- _PROVIDED DATA_
▼

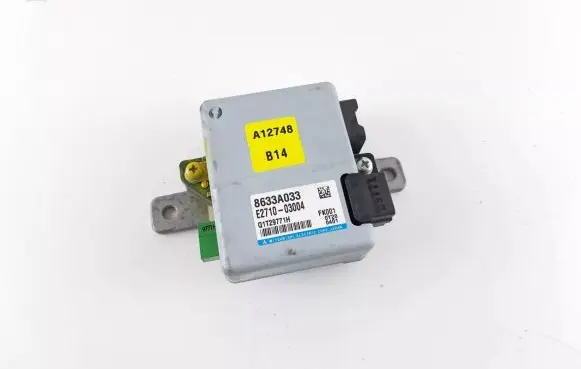 Power steering control unit/module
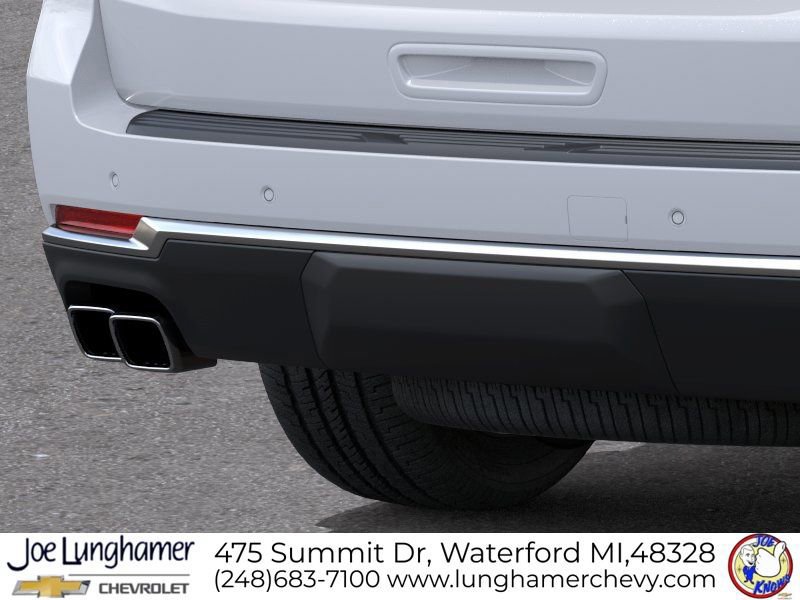 New 2026 Chevrolet Tahoe High Country image 14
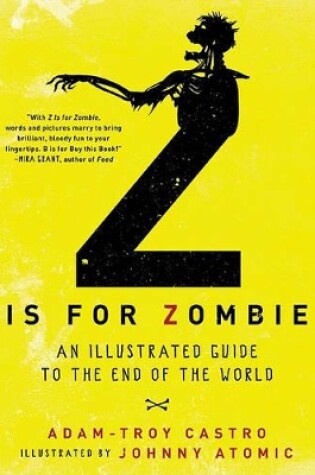 Cover of Z Is for Zombie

▲

- _YOUR OBJECTIVE_
Please copy the data above exactly; the pictures do not belong in the copy.

- _ANSWER SPACE_
 Power steering control unit/module
 New 2026 Chevrolet Tahoe High Country image 14
 Cover of Z Is for Zombie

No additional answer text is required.